Kennst Du das auch? Du stehst morgens auf und der Tag verläuft wie im Traum. Du hast deine Routinen, die ohne Beachtung und automatisiert ablaufen. Aufstehen, Zähne putzen, waschen, frühstücken, anziehen, arbeiten, Mittagessen, Abendessen, Abendprogramm, ausziehen, Zähne putzen, schlafen – Tag vorbei. Vielleicht hältst du auch mal inne und fragst Dich: „Habe ich heute überhaupt …?“ . Es fällt dir schwer dich daran zu erinnern, ob du auch den für dich gerade relevanten Teil in der Routine des Tages erledigt hast.
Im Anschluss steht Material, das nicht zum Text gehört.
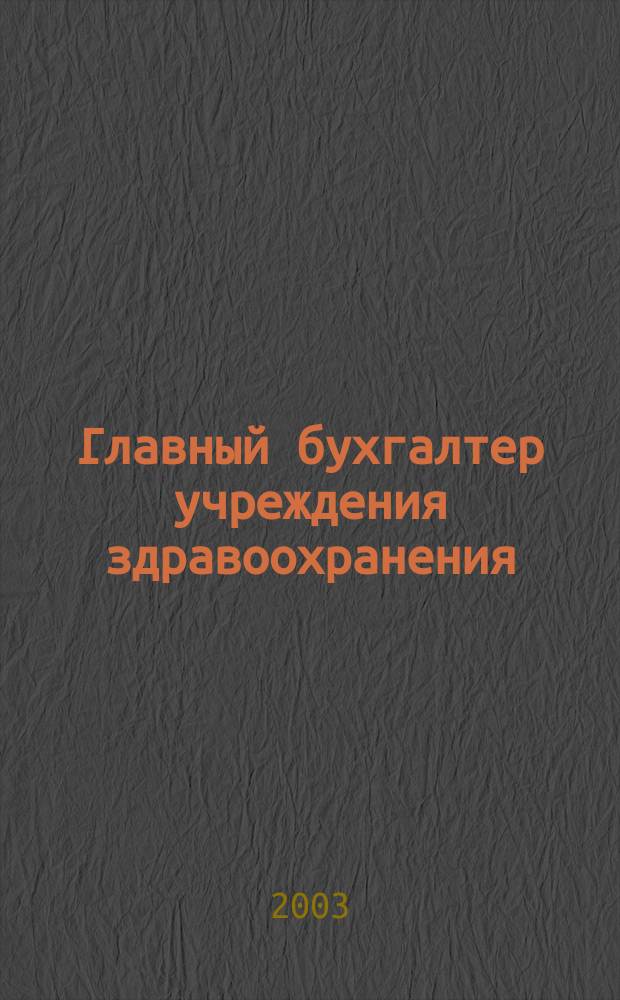 Главный бухгалтер учреждения здравоохранения : Прил. к журн. "Гл. врач". 2003, № 3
Irgendwann kommt der Moment, in dem du vielleicht denkst „In den Geschäften gibt es schon Weihnachtskekse, bald ist das Jahr um. Wo ist das Jahr geblieben?“
Ich erinnere mich immer an meine Oma, welche jedes Jahr aufs Neue sagte: „Kinder, wo ist bloß die Zeit geblieben?“. Eine sehr wichtige und berechtigte Frage.
Jeder einzelne Tag und jedes Jahr haben ihre immer wiederkehrende Länge, doch wo ist sie hin?
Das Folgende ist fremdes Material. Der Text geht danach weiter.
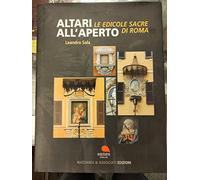 Altari all'aperto. Le edicole sacre di Roma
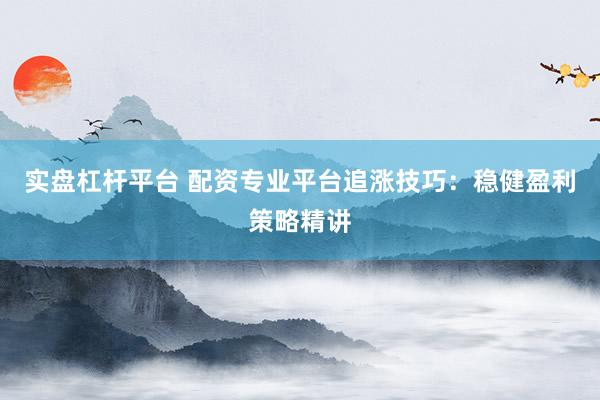实盘杠杆平台 配资专业平台追涨技巧：稳健盈利策略精讲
Haben wir wie Dornröschen geschlafen und geträumt?
Zur Antwort unterteile ich die Zeit in drei Abschnitte, Vergangenheit, Zukunft und die Gegenwart / das Jetzt.
Vergangenheit – Eingeschlafen
Im Tagesablauf werden wir unendliche Male von unseren Erfahrungen, Empfindungen und Erlebnissen der Vergangenheit gesteuert. Diese machen uns schnell, in Form von erlernten und automatisierten Abläufen. Es ist für uns wichtig in kritischen und gefährlichen Situationen intuitiv und schnell zu handeln. Wir können uns ebenfalls an Ereignisse erinnern. Die Erinnerungen lassen uns, wie in einer Zeitreise, an schöne oder weniger schöne Orte unserer Vergangenheit reisen, getragen von unseren Emotionen. Während die negativen Erfahrungen uns zur Vorsicht und Achtsamkeit anregen, führen uns die positiven Erfahrungen in die Freude und vielleicht auch in die Dankbarkeit. Beide Seiten sind möglich. Wir können steuern ob wir uns an kraftvolle oder energieziehende Momente erinnern wollen.
Zukunft – Der Traum
Die Zukunft liegt vor uns und ist momentan nicht einsehbar. Wir versuchen mit erkennbaren Mustern und Erfahrungen der Vergangenheit bereits die Zukunft in unseren Gedanken entstehen zu lassen. Was passiert, wenn …? Je nach unseren Erfahrungen der Vergangenheit kreieren wir Bilder einer glücklichen und freudvollen oder einer eher negativen und angstbesetzten Zukunft. Die Emotionen aus dem vergangenen Erleben steuern unsere Kreationen der Zukunft. Es entsteht ein rosiges oder eher düsteres Bild.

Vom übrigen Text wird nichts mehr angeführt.